Like the Versa Jacket of yesterday, the D’ates D’signs Dolman Jacket works well in a variety of fabrics as long as they have drape. I’ve even used it with a light weight, very soft denim. Despite being a rather unique design, it’s also a classic shape which lends itself to multiple activities and has a large area for embellishment. It has several pieces. A large body piece which folds up and is stitched along the shoulder line forming the sleeves and front opening. Plus a pocket, cuffs, neckline and hem rectangular pieces.
The neckline, cuffs and hems are interfaced and stitched to the body. I used self fabric to interface. This polyester crinkle was too sheer to disguise any interfacing. Having never used a self-interfacing prior, I was unsure this would work. Well it not only works, but the cuff and neckband are soft against my skin.
This isn’t one of those garments with a hundred ways to wear. As I recall, the sleeves were one length. If you wanted longer or shorter, adjust the 4″ cuffs. Same with the hem because there were no guidelines and determining how to shorten was beyond me. The neck and front bands will fold into a shawl collar shape; and I’ve added numerous closures. Made the front bands a little wider and folded back into a small lapel or overlapped for a button. Not options in the pattern, just things I discovered over years of making it.
It is a good candidate for serger sewing. All the seams of this version were done with a 4-thread serged seam. No seams visible on the public side. The serger made it easy to attached the curved neck, hem and cuff lines to the corresponding rectangular pieces.

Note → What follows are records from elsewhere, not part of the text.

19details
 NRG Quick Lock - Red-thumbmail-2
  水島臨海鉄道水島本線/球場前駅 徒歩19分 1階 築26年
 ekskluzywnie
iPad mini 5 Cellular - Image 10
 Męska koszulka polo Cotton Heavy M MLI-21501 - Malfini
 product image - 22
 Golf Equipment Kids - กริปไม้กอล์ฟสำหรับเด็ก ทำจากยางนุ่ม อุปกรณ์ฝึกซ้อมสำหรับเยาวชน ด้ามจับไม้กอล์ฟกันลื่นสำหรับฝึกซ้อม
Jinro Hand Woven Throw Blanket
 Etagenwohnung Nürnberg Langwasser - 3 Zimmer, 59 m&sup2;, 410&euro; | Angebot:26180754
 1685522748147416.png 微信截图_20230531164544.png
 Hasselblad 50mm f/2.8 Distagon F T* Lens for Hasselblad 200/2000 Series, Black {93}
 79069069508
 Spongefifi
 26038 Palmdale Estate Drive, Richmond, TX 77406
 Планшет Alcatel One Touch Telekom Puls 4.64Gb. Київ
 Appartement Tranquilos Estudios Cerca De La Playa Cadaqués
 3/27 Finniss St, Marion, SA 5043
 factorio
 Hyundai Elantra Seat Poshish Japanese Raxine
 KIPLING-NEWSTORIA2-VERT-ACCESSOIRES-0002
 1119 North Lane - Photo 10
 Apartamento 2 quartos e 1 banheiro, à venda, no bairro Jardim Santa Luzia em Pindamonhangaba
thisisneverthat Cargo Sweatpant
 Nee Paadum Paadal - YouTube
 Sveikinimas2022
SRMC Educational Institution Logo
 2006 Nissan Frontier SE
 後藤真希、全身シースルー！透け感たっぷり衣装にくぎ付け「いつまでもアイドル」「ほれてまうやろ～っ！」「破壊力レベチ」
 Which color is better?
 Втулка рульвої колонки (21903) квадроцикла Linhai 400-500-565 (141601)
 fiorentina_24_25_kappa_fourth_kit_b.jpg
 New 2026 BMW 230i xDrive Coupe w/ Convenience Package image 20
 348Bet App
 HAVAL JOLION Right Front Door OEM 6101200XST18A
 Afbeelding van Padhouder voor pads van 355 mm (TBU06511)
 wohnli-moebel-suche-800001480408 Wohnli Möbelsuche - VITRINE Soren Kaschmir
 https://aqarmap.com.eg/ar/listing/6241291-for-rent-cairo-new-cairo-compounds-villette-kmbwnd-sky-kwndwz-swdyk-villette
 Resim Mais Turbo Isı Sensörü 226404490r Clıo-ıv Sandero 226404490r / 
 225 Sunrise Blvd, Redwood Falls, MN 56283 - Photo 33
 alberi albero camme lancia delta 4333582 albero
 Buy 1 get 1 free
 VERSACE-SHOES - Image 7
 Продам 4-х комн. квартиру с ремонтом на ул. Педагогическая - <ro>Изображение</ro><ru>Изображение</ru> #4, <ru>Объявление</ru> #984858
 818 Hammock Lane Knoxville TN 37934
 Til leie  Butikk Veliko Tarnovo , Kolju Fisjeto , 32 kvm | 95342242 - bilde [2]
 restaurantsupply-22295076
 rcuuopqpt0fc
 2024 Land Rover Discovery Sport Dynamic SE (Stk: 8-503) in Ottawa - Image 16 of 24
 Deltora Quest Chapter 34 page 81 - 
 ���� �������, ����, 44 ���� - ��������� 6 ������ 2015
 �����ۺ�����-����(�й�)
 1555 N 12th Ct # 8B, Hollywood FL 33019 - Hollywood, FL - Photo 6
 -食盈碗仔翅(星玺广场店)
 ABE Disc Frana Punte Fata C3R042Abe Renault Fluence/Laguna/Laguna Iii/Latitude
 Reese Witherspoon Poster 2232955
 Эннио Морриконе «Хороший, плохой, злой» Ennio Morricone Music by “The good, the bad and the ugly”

Like yesterday’s fluff of pink, this garment doesn’t get worn often. Because of the fabric it travels well. Packs down into small corners and emerges with hardly a wrinkle. This is type fabric that can be ironed by hanging in the steam while you shower. But the color is such that it doesn’t work with all my summer wardrobe; and it is a summer garment. Still I’ve included it here because 1) it is a sheer 2) the 4-thread serger seams were succesful and 3)self-interfacing was used.